====== GIVEN ENTRIES

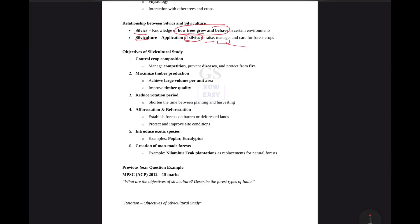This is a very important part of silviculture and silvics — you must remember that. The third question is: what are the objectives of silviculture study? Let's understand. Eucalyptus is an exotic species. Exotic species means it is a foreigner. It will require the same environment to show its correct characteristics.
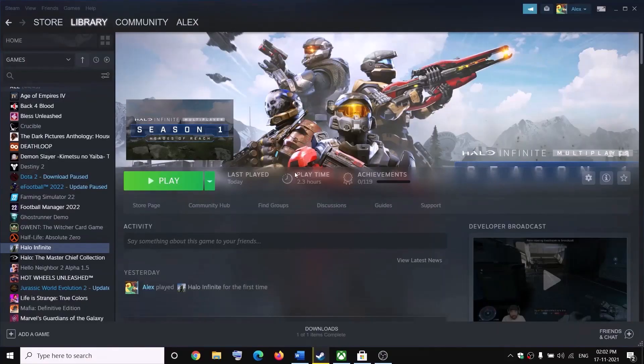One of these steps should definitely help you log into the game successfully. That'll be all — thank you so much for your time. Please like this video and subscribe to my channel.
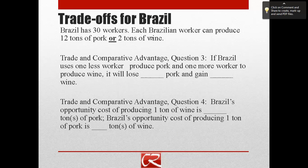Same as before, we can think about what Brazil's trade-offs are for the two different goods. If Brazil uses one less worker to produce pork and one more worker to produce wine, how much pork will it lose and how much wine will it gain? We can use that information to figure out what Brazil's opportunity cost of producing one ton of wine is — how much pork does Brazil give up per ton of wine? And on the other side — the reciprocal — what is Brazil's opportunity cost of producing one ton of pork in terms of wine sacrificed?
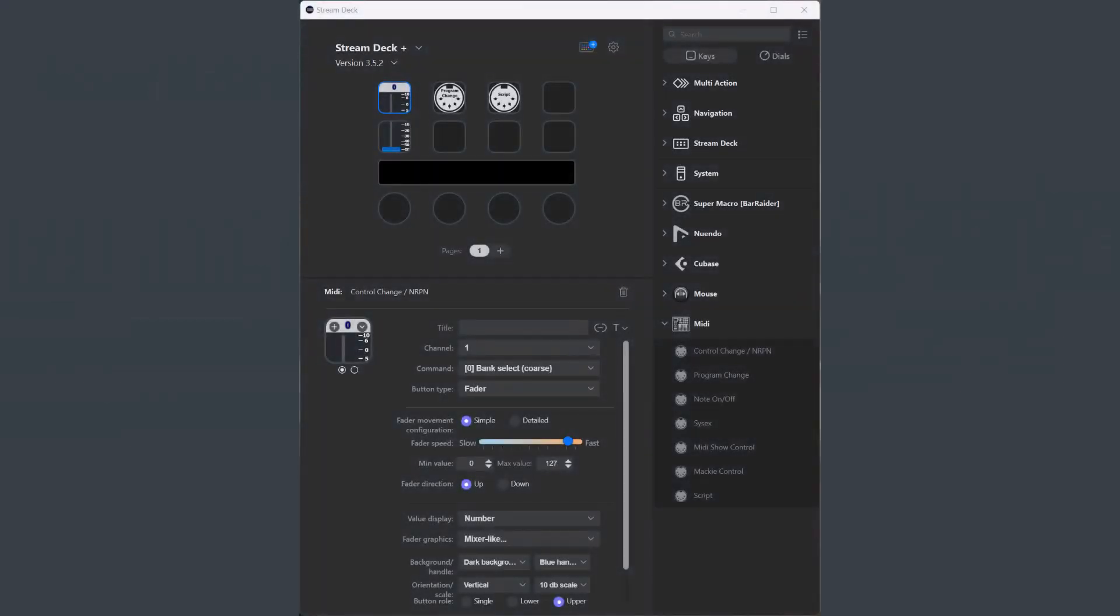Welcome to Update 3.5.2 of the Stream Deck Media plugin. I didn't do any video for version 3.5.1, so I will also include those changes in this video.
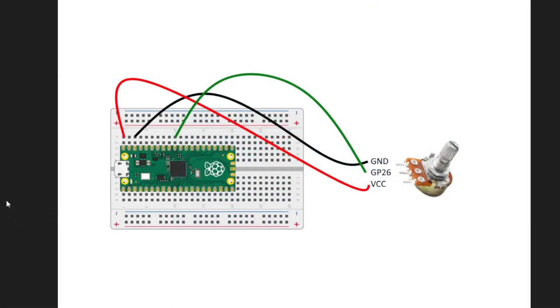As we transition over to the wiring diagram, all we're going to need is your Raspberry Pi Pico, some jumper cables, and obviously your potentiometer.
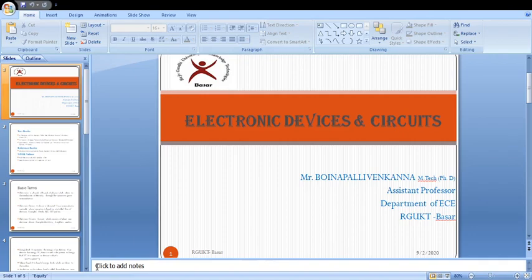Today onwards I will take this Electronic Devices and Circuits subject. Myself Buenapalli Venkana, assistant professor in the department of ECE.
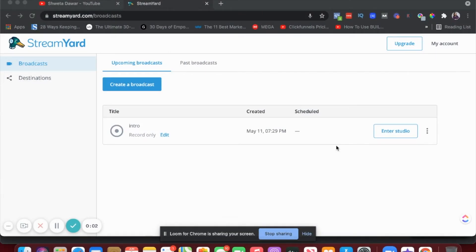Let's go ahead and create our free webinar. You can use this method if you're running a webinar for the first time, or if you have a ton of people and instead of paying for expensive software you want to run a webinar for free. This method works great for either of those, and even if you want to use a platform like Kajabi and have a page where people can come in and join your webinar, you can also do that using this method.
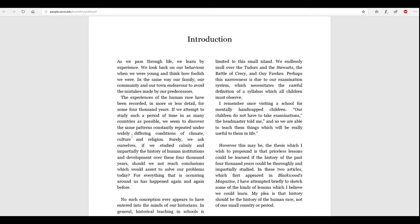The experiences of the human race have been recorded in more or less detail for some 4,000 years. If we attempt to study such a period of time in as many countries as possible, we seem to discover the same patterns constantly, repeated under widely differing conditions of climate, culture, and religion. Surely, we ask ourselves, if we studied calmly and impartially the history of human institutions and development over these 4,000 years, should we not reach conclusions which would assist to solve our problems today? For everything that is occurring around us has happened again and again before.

============

#### AIM OF THE EXERCISE
Output must match the lines from the start of the records above through the line that contains "Let's go ahead", exactly and with every picture removed.

#### ANSWER TO THIS EXERCISE
This is a very important part of silviculture and silvics — you must remember that. The third question is: what are the objectives of silviculture study? Let's understand. Eucalyptus is an exotic species. Exotic species means it is a foreigner. It will require the same environment to show its correct characteristics.
One of these steps should definitely help you log into the game successfully. That'll be all — thank you so much for your time. Please like this video and subscribe to my channel.
Same as before, we can think about what Brazil's trade-offs are for the two different goods. If Brazil uses one less worker to produce pork and one more worker to produce wine, how much pork will it lose and how much wine will it gain? We can use that information to figure out what Brazil's opportunity cost of producing one ton of wine is — how much pork does Brazil give up per ton of wine? And on the other side — the reciprocal — what is Brazil's opportunity cost of producing one ton of pork in terms of wine sacrificed?
Welcome to Update 3.5.2 of the Stream Deck Media plugin. I didn't do any video for version 3.5.1, so I will also include those changes in this video.
As we transition over to the wiring diagram, all we're going to need is your Raspberry Pi Pico, some jumper cables, and obviously your potentiometer.
Today onwards I will take this Electronic Devices and Circuits subject. Myself Buenapalli Venkana, assistant professor in the department of ECE.
Let's go ahead and create our free webinar. You can use this method if you're running a webinar for the first time, or if you have a ton of people and instead of paying for expensive software you want to run a webinar for free. This method works great for either of those, and even if you want to use a platform like Kajabi and have a page where people can come in and join your webinar, you can also do that using this method.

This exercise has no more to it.